Il fatto più significativo è la correlazione osservabile fra la perdita di autorità e l’obsolescenza
politica dello Stato nazionale e il rafforzamento del suo apparato repressivo. Nel momento stesso in
cui si disimpegna progressivamente dall’ambito economico e sociale, lo Stato legifera e controlla
sempre più i suoi cittadini. Il vantaggio, per lui, consiste nel fatto che, in materia di sicurezza, non è
tenuto ad un obbligo di conseguimento di risultati. O per dirla ancora meglio: il suo interesse sta nel
non ottenerne troppi, perché è così che può giustificare la pretesa di rendere permanenti le sue
politiche di controllo e di sorveglianza: “Non si rinnova la fiducia ad un governo che predica il
tutto-per-la-sicurezza perché è riuscito a ridurre l’insicurezza. Gli si rinnova la fiducia perché
l’insicurezza persiste”, ha scritto Percy Kemp. Il vero scopo non è dunque tanto sopprimere
l’insicurezza, che è pane benedetto per coloro che ne approfittano, bensì mantenerla, così da rendere
possibile l’applicazione di una sorveglianza sempre più generalizzata.

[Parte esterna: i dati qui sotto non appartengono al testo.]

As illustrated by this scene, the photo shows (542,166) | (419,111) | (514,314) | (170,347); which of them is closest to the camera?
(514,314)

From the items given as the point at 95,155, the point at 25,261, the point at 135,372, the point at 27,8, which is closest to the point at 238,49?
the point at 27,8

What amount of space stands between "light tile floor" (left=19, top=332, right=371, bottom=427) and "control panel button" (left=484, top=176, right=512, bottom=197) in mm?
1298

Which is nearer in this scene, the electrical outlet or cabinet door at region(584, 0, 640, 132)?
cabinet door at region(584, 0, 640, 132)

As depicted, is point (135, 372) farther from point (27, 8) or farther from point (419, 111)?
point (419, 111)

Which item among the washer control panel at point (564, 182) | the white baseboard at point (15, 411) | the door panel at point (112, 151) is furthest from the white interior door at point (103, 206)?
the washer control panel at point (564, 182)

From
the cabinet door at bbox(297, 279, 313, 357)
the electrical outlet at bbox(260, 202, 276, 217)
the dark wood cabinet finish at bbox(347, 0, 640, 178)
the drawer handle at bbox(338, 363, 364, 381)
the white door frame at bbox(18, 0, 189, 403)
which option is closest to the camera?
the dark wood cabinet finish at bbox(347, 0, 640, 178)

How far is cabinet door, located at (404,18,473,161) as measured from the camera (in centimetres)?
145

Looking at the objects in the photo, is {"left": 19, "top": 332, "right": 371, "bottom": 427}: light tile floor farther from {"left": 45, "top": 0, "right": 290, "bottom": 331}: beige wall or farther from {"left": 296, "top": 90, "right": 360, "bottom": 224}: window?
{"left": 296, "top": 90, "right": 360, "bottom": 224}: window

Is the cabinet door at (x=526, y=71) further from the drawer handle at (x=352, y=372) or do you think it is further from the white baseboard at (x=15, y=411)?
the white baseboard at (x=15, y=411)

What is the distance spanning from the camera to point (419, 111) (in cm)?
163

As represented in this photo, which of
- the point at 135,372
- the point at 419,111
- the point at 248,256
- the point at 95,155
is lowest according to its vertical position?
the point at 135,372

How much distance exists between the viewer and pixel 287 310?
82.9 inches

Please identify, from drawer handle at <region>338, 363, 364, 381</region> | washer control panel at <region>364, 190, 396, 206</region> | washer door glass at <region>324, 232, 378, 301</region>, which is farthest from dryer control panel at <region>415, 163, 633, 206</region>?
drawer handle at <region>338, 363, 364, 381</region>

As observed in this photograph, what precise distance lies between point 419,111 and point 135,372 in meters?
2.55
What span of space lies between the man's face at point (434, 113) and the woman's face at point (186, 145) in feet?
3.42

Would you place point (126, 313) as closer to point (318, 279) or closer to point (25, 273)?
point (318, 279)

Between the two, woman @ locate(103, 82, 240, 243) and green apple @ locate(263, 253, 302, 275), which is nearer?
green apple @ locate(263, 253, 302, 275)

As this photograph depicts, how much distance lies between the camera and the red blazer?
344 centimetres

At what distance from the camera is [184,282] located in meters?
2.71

Si tratta, in fin dei conti, di creare un caos latente che, senza oltrepassare una certa soglia, sia
sufficiente ad inibire ogni velleità di reazione collettiva. La stessa tattica la si osservava ieri contro
le “classi pericolose”, con l’obiettivo inconfessato di eliminare i devianti, i sostenitori di un punto di
vista discordante. Oggi sono gli stessi popoli che, agli occhi della Forma-Capitale e delle oligarchie
regnanti, sono diventati nel loro insieme la “classe pericolosa”. Sono i popoli i soggetti che vanno
addomesticati. Per impedire loro di elaborare progetti collettivi di emancipazione e di autonomia,
basta far loro paura. A questo serve il Panottico. Diceva Péguy: “Quando non è il martirio fisico,
sono le anime che non riescono più a respirare”.